Interestingly, the malt in question was, on paper, extremely standard. It’s a version of Munich malt (a malt originating from, you guessed it, Munich, which is famed for its amber color, complexity, and deep maltiness) made by a very reputable maltster, Weyermann (arguably the superlative German maltster), with a single tweak: the Barley varietal is different from the standard one. Is this enough to essentially ruin a malt? And while we’re at it, what did the “dark” Munich malt I used add to the beer?
Following the same protocols as last time, I conducted what amount to mini-mashes, broke out a notepad, and jotted down my thoughts, which I’ve tossed below without any editing
Standard Munich
Appearance
Bellini; pale amber, vague pink perhaps
Aroma
Almost cheeze it, toast, welsh rarebit
Savory biscuit, maybe triscuit
Grainy, slight cheese perhaps, like parmesan
Flavor
A touch of chain restaurant salsa; triscuit, whole grain toast
Beautiful; bready, bread crust, malt bomb, a touch of the goldfish, slight toffee and nut (perhaps hazelnut; vague nutella)

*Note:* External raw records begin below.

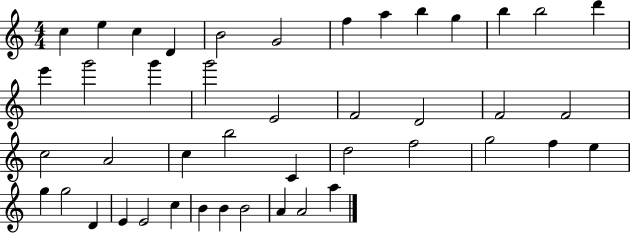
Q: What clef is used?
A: treble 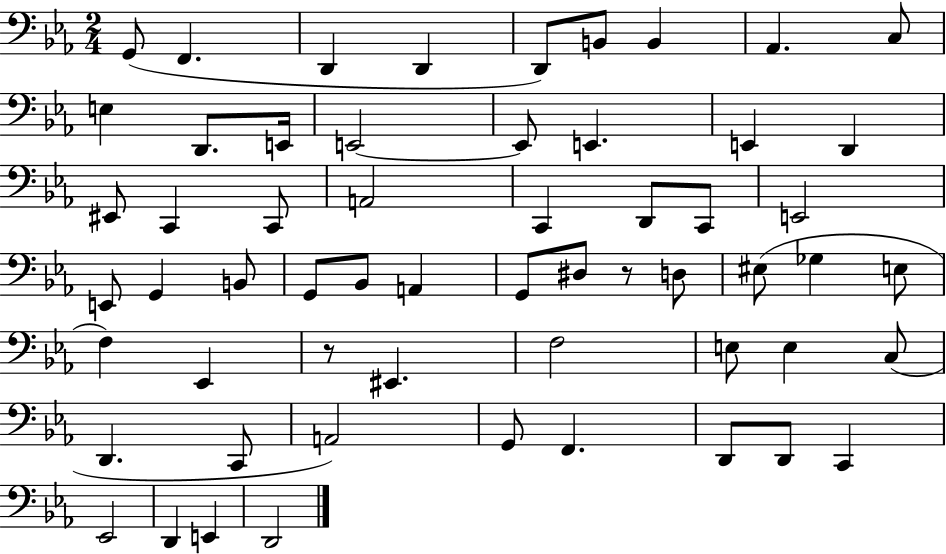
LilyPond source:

{
  \clef bass
  \numericTimeSignature
  \time 2/4
  \key ees \major
  g,8( f,4. | d,4 d,4 | d,8) b,8 b,4 | aes,4. c8 | \break e4 d,8. e,16 | e,2~~ | e,8 e,4. | e,4 d,4 | \break eis,8 c,4 c,8 | a,2 | c,4 d,8 c,8 | e,2 | \break e,8 g,4 b,8 | g,8 bes,8 a,4 | g,8 dis8 r8 d8 | eis8( ges4 e8 | \break f4) ees,4 | r8 eis,4. | f2 | e8 e4 c8( | \break d,4. c,8 | a,2) | g,8 f,4. | d,8 d,8 c,4 | \break ees,2 | d,4 e,4 | d,2 | \bar "|."
} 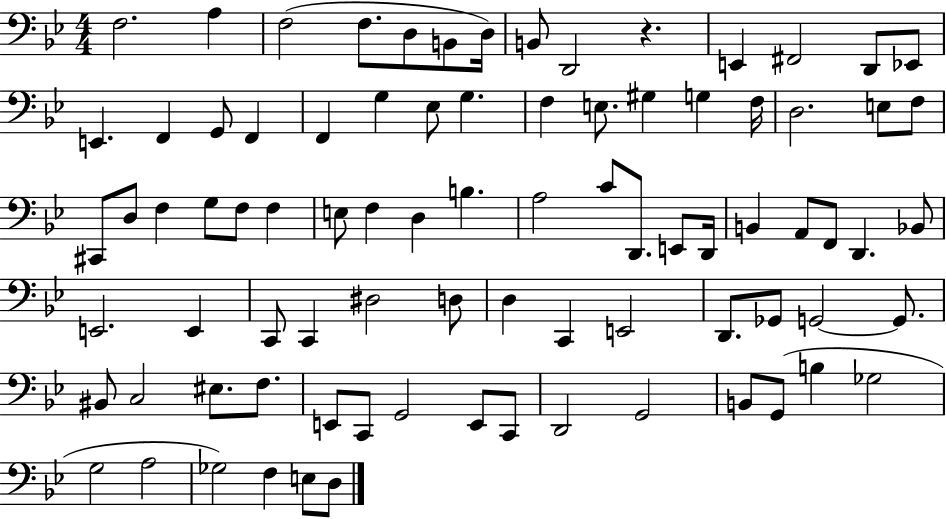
{
  \clef bass
  \numericTimeSignature
  \time 4/4
  \key bes \major
  f2. a4 | f2( f8. d8 b,8 d16) | b,8 d,2 r4. | e,4 fis,2 d,8 ees,8 | \break e,4. f,4 g,8 f,4 | f,4 g4 ees8 g4. | f4 e8. gis4 g4 f16 | d2. e8 f8 | \break cis,8 d8 f4 g8 f8 f4 | e8 f4 d4 b4. | a2 c'8 d,8. e,8 d,16 | b,4 a,8 f,8 d,4. bes,8 | \break e,2. e,4 | c,8 c,4 dis2 d8 | d4 c,4 e,2 | d,8. ges,8 g,2~~ g,8. | \break bis,8 c2 eis8. f8. | e,8 c,8 g,2 e,8 c,8 | d,2 g,2 | b,8 g,8( b4 ges2 | \break g2 a2 | ges2) f4 e8 d8 | \bar "|."
} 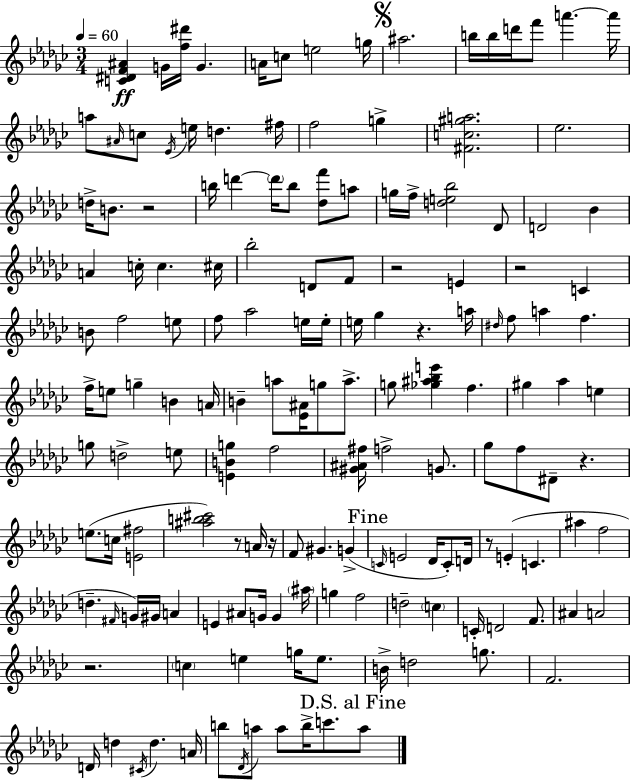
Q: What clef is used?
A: treble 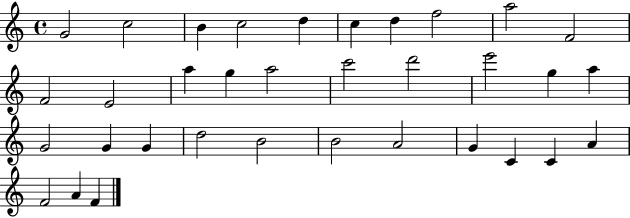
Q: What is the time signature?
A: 4/4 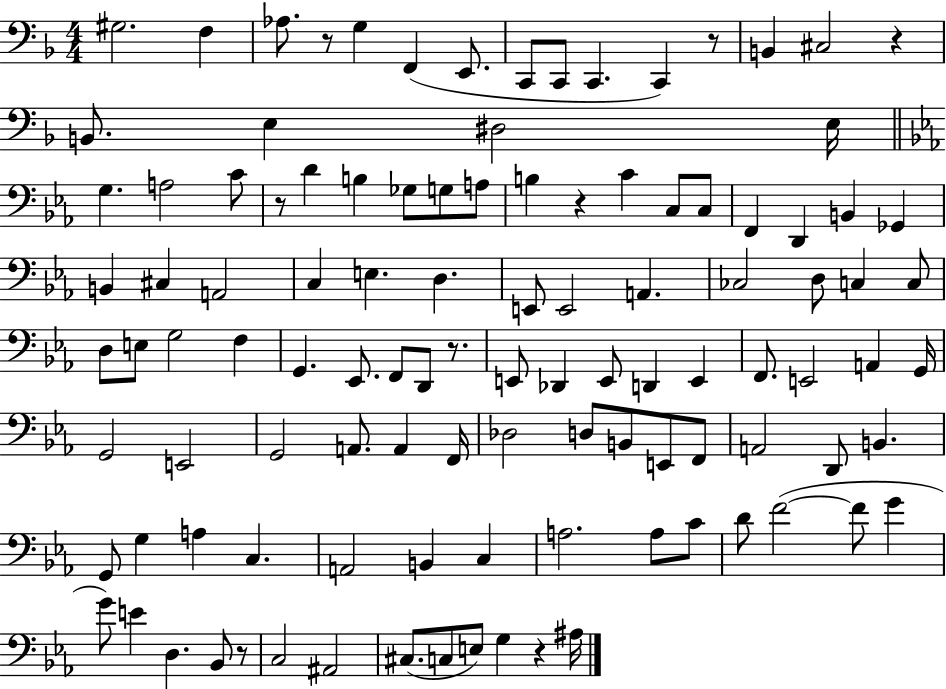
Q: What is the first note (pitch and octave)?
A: G#3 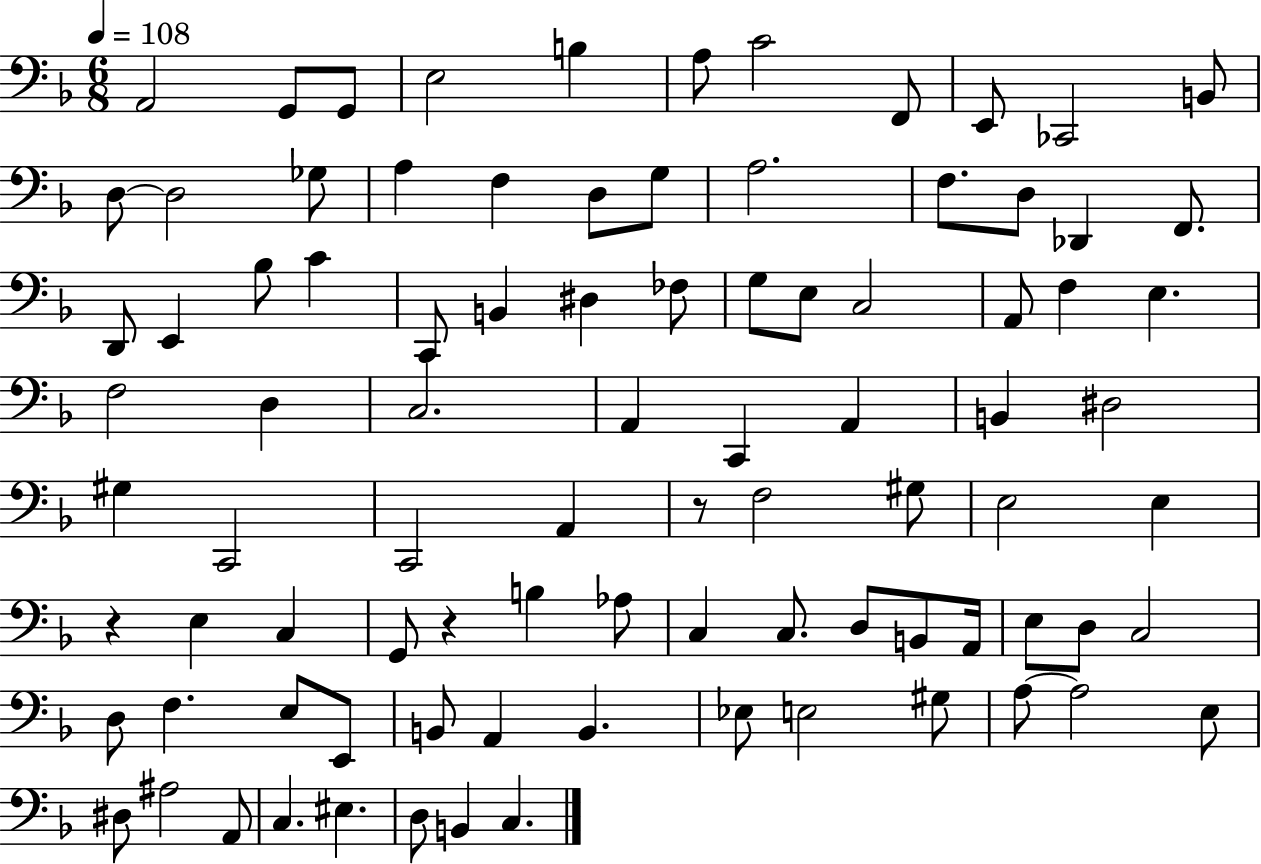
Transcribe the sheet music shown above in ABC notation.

X:1
T:Untitled
M:6/8
L:1/4
K:F
A,,2 G,,/2 G,,/2 E,2 B, A,/2 C2 F,,/2 E,,/2 _C,,2 B,,/2 D,/2 D,2 _G,/2 A, F, D,/2 G,/2 A,2 F,/2 D,/2 _D,, F,,/2 D,,/2 E,, _B,/2 C C,,/2 B,, ^D, _F,/2 G,/2 E,/2 C,2 A,,/2 F, E, F,2 D, C,2 A,, C,, A,, B,, ^D,2 ^G, C,,2 C,,2 A,, z/2 F,2 ^G,/2 E,2 E, z E, C, G,,/2 z B, _A,/2 C, C,/2 D,/2 B,,/2 A,,/4 E,/2 D,/2 C,2 D,/2 F, E,/2 E,,/2 B,,/2 A,, B,, _E,/2 E,2 ^G,/2 A,/2 A,2 E,/2 ^D,/2 ^A,2 A,,/2 C, ^E, D,/2 B,, C,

Plausible black currant or grape, if so very quite; not much else in the way of fruit; perhaps apple fruit leather, actually
Barke Munich
Appearance
Virtually identical to that of the standard Munich
Aroma
Quite subtle; buttered whole grain toast, perhaps, not much else
Flavor
Quite a bit funkier, almost blue cheese
A vague acidity, almost
Much lighter on the bread notes
There's almost a very quiet rancidity
In a saison or dark sour, I can see this working gangbusters, but I have no intention of using this in any other beer in the near future
Appearance
A porter on the paler side
Aroma
A lovely, bracing dark aroma - dark rye toast, parmesan crisp, candied ginger
Flavor
Bracing immediate slight astringency, black currants, pumpernickel, slight acidity, demarara sugar
My beer!
Aroma
hard to place; funky fruit mixed with a copper-y maltiness; almost a weird, funhouse mirror bitter
Flavor
Pennies, dark toast, marmelade, slight bubble gum, mineral water, blackstrap
Conclusion
While it can be fun to try new ingredients and special varieties, clearly there is some risk involved in deviating from the tried-and-true classics. While I’ve had great luck using floor-malted British base malts, for example, I also ruined two beers with recipes so simple they’re otherwise impossible to truly mess up using this insane malt. And even then, I should note that I think this malt would be a wonderful, small percentage of a jazzy Bock or a Flanders Red or Oude Bruin, so there is some value to rolling the dice and brewing a beer blind, but even then, the more of these teas I do, the more I’m convinced of the wisdom in evaluating ingredients before using them. Crazy idea, huh?